■ What to work on ■
In the records below, repeat word for word only the lines starting at the one that contains "Kris Kringle Santa" and ending at the one that contains "1Pc Ocean Series", pictures excluded.

■ Dataset entries ■
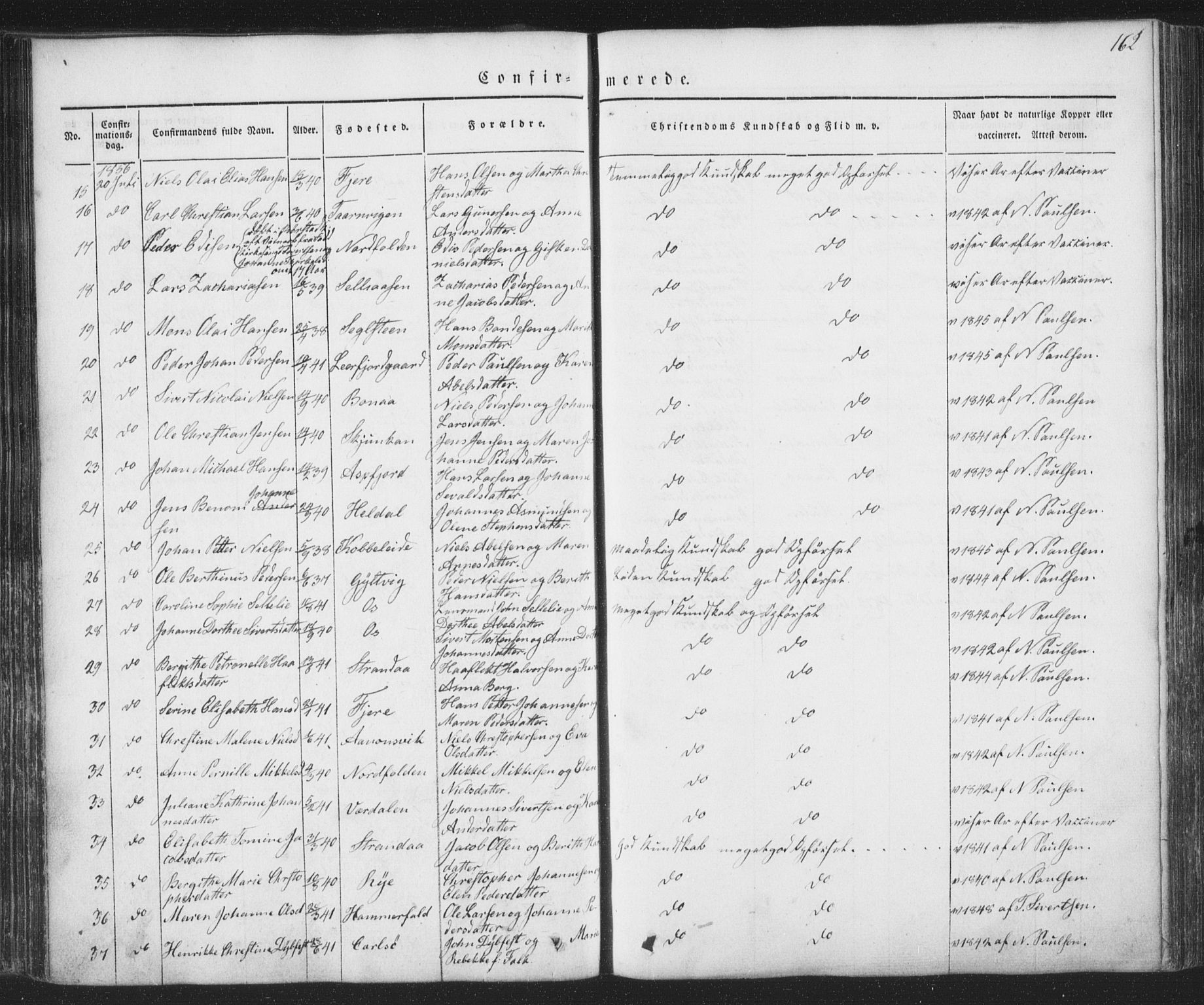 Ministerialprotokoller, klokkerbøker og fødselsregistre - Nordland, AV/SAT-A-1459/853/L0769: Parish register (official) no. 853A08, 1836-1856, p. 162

* * *

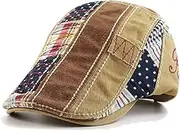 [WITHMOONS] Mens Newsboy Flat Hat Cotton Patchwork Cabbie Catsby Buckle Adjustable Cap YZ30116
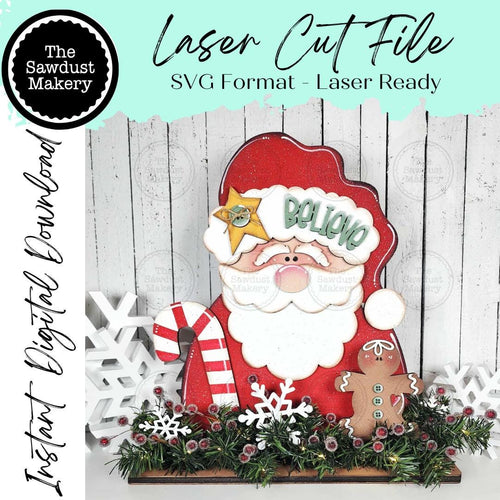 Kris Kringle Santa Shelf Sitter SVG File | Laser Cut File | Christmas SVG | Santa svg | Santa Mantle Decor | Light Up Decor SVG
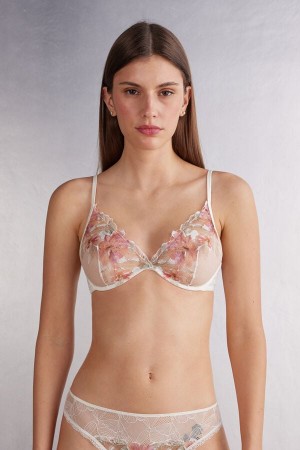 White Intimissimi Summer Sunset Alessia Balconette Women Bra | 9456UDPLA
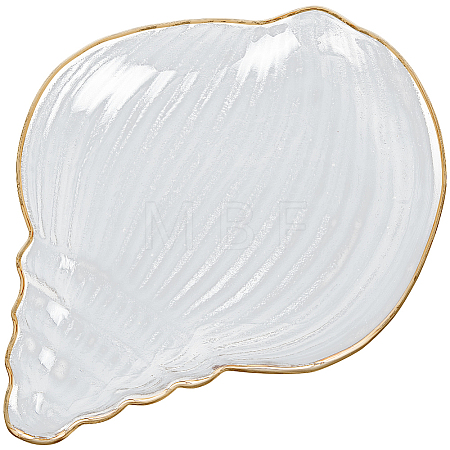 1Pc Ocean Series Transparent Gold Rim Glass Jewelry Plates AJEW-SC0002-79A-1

■ Answer to the exercise ■
 Kris Kringle Santa Shelf Sitter SVG File | Laser Cut File | Christmas SVG | Santa svg | Santa Mantle Decor | Light Up Decor SVG
 White Intimissimi Summer Sunset Alessia Balconette Women Bra | 9456UDPLA
 1Pc Ocean Series Transparent Gold Rim Glass Jewelry Plates AJEW-SC0002-79A-1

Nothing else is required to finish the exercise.